Accelerating EV Adoption 

7.     Globally, EV technology continues to advance, and sales of electric cars have gained momentum. In Singapore, new electric car registrations increased 18-fold from 100 in 2020 to 1,800 in 2021, accounting for almost 4 per cent of all new car registrations. 

8.     This is a promising indicator of the impact of our measures, such as the EV Early Adoption Incentive, or EEAI, for cars, which has been highlighted by Mr Saktiandi Supaat, Mr Gan Thiam Poh and Mr Louis Chua.  We will monitor developments and assess the need for similar measures in other vehicle segments, like electric motorcycles.  

9.     To sustain the momentum of our EV transition, we will step up our efforts in three key areas. 

(a) Chargers

10.    First, charging infrastructure. Several Members have highlighted the need for charging infrastructure to keep pace with, if not be ahead of, EV adoption. Range anxiety is a commonly cited impediment. In practice, the average driver in Singapore may need to fully charge her electric car only once every five to seven days, given that most have a range of at least 300 kilometres. Nevertheless, this concern over nascent technology is understandable. To take anxiety out of range, chargers must be widely available. 

11.    Last year, MOT shared plans to deploy 60,000 charging points across public and private carparks by 2030. Since then, LTA has undertaken a major survey of the switchrooms and substations serving residential carparks across the island, to assess the additional electrical capacity needed to support EV charging. 

12.    This evaluation has given us the confidence to accelerate the implementation of our plans. We will make every HDB town EV-Ready by 2025.

a.     To achieve this, we will install charging points in nearly 2,000 HDB carparks over the next three to four years. They will mostly provide low-powered, overnight charging, which would meet the needs of car owners, and minimise the load on the electrical grid. 

b.     There will be at least three charging points per carpark, and more where there is demand and adequate electrical capacity. 

c.     LTA will launch the large-scale tender for charging points at HDB carparks in the first half of this year. 

13.    We have also made progress in the deployment of chargers at other premises. Mr Ang Wei Neng’s question was regarding the pattern of ownership. More than 80 per cent of electric car users live in private residences today, many in condominiums and private apartments. To incentivise non-landed private residences to install chargers in their carparks, we introduced the EV Common Charger Grant last July. So far, 12 developments have used this grant, and at least 20 others are in the pipelines. Their applications are being processed and I would like to encourage more MCSTs to benefit from this scheme. 

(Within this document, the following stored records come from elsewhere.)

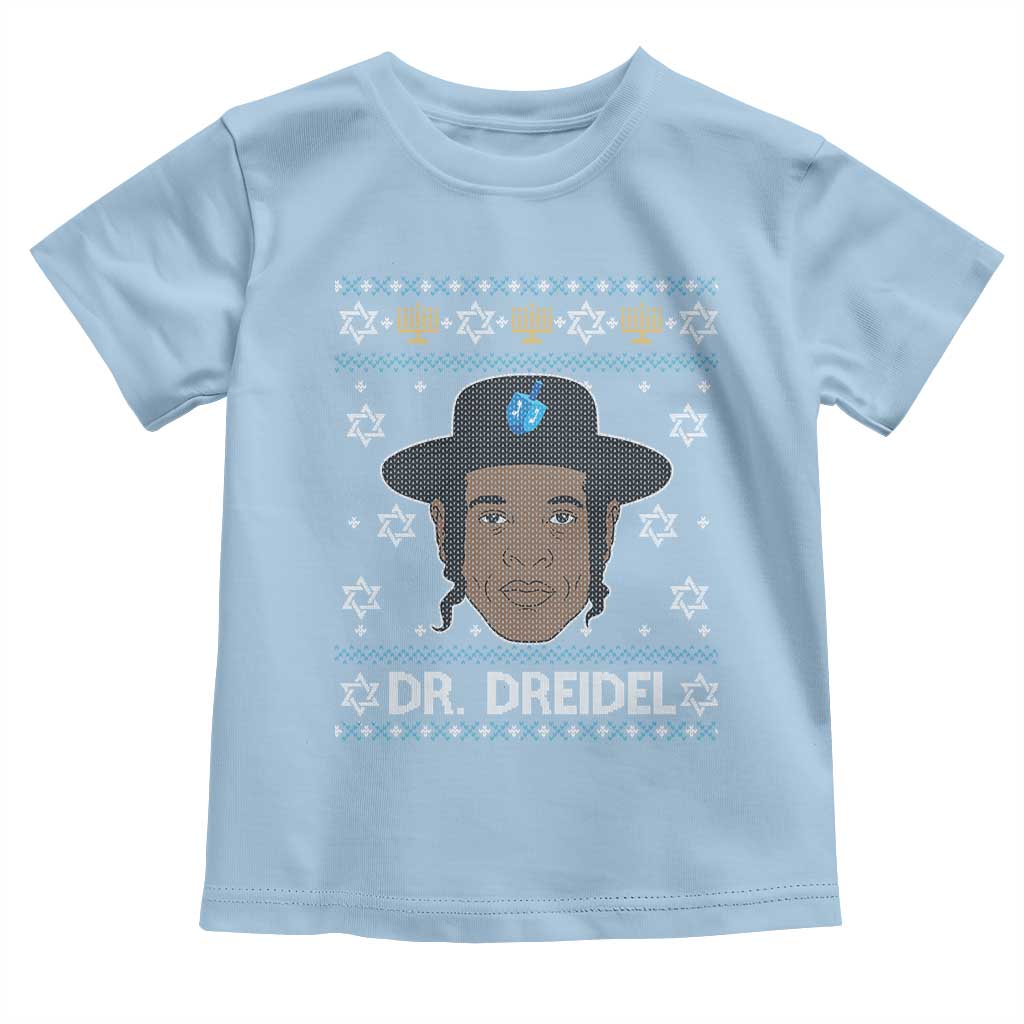 Funny Hanukkah Dreidel Toddler T Shirt Dr Dreidel Chanukah Rapper DJ - Wonder Print Shop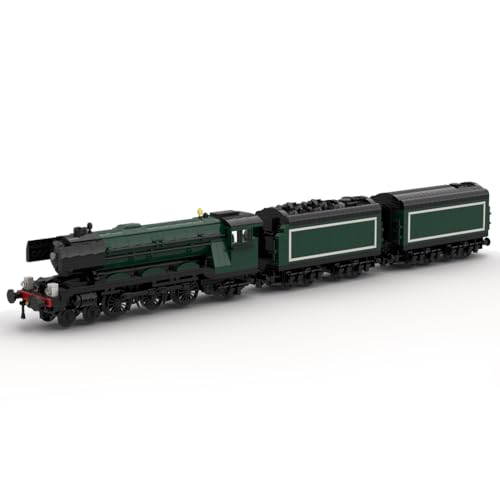 BlocteckToy Zug Bausteine Set, Klasse A4 Dampflokomotive Bauklötze MOC Set, Kompatibel mit Großen Marken, MOC-99054 (1766 Teile) von BlocteckToy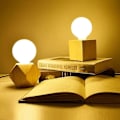 Miniatyrbillede 3 af 5: Træ Cube Bordlampe, E27 Fatning, 1,8m Kabel Med Afbryder, Max 60w, Edison Industrielt Retro Dekorativ Lampe, Bruges I Soveværelse, Stue, Studio, Ca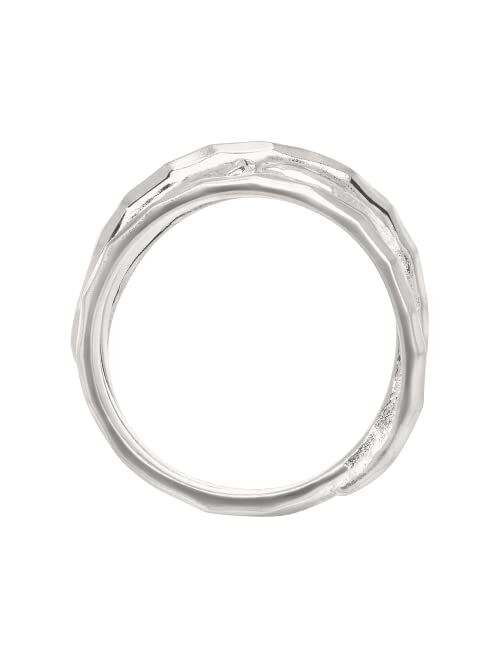 Silpada 'Wrapped Up' Overlapping Textured Band Ring in Sterling Silver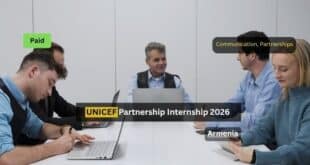 UNICEF Partnership Internship 2026 in Armenia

(b) Power infrastructure upgrades

14.    Our second move is to upgrade the supporting electrical infrastructure. Consumer switchrooms and substations will have to be expanded to support increasing use of the residential charging network. 

15.    After industry consultation and feedback, we have decided that the Government will undertake this long-term infrastructure programme. The National EV Centre at LTA will take the lead, working with other government agencies like EMA and HDB. Upgrades will commence over the next few years and continue well into the 2030s.  

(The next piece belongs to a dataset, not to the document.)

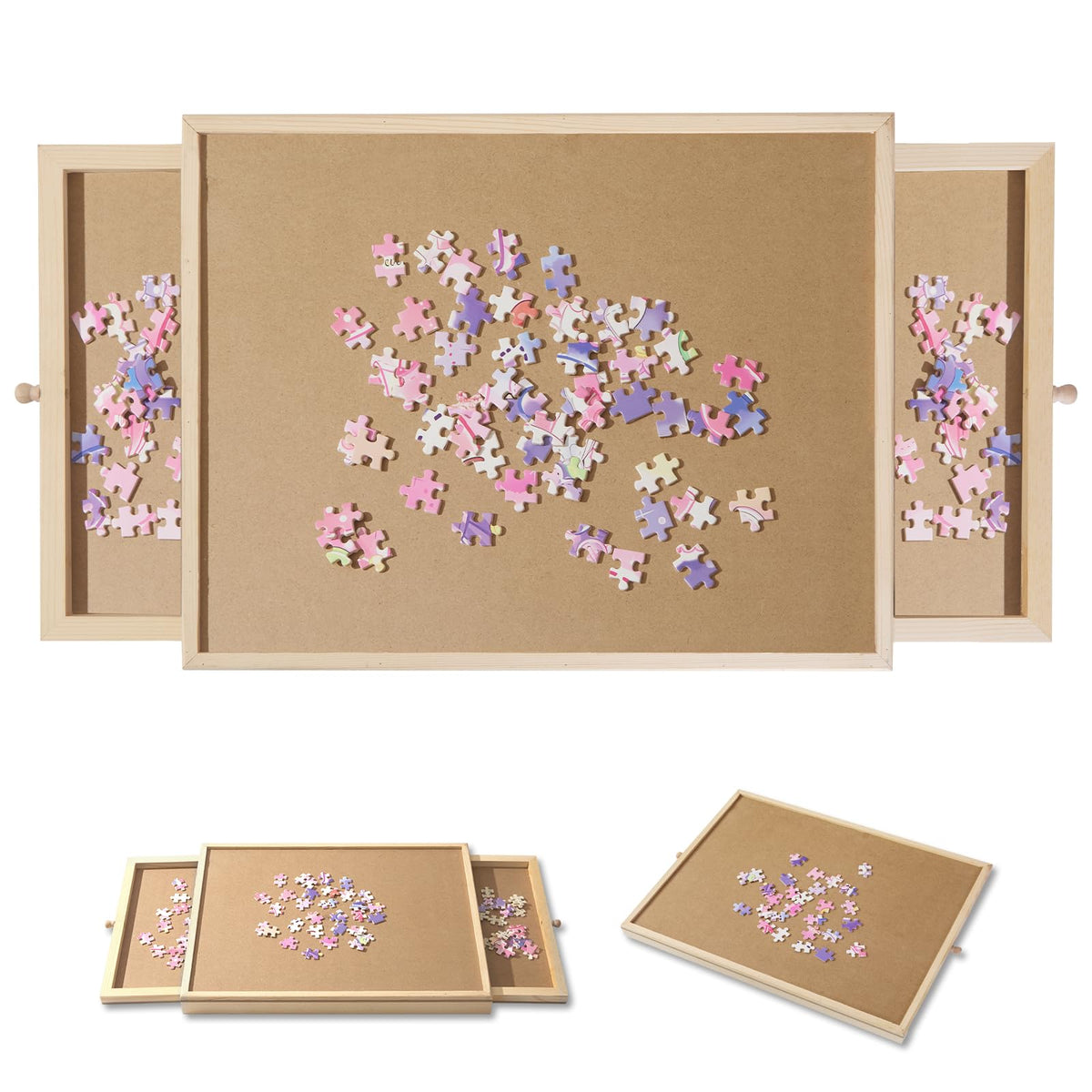 Small Puzzle Board 18.1 X 14.4 Inch Puzzle Table | Home Organization - Image 1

16.    Ms Yeo Wan Ling asked about financing. LTA will be issuing green bonds to fund these infrastructure upgrades. The bond repayment obligations will be met through a tariff on EV charging operators and users, which will be phased in at a later stage.

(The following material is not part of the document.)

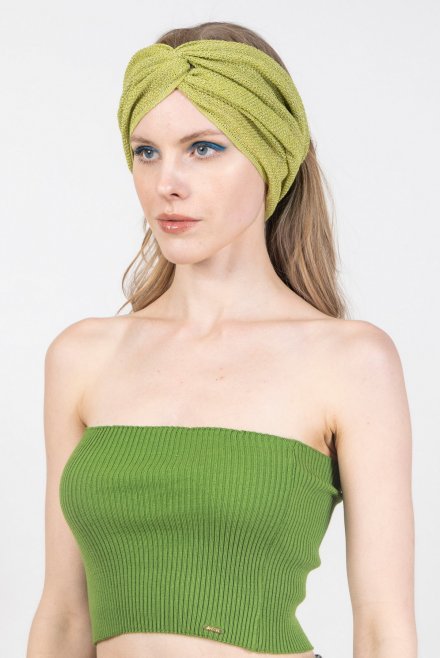 Lurex turban bright green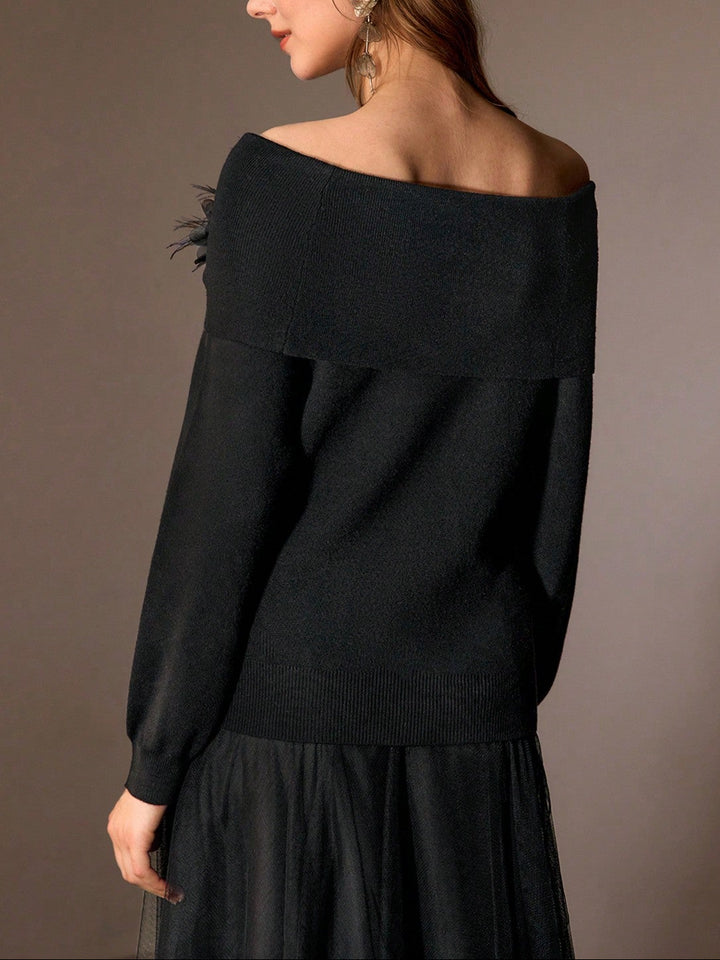 Motf by Shein blúz, fekete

(c) Policies, regulations, and standards  

17.    The third thrust of our EV masterplan is to implement policies and regulations that support adoption and ensure safety. I agree with Prof Koh Lian Pin that robust regulations and standards are necessary to ensure a reliable and safe EV charging ecosystem.  

18.    To that end, LTA has worked closely with the industry on revisions to Technical Reference 25, or TR25, which is our national EV charging standard.

a.     The revised TR25 will preserve public safety while easing compliance and maintenance obligations for owners of EV chargers. It will also allow for new technologies, such as battery-swapping for electric motorcycles, and very high-powered charging of up to 500kW.

b.     Mr Saktiandi Supaat and Mr Gan Thiam Poh have asked about our approach to such technologies. As they are still relatively nascent, we will focus on safety regulations, while monitoring industry and technology developments to assess their applicability to our overall charging network. 

19.    To lay the foundation for a new regulatory framework, we will introduce legislation to regulate EV charging. 

a.     This will cover the approval and registration of EV chargers, and the licensing of EV charging operators. It will also mandate the provision of charging infrastructure in new buildings and major redevelopments. 

b.     There will be a public consultation on the proposed legislation later this year.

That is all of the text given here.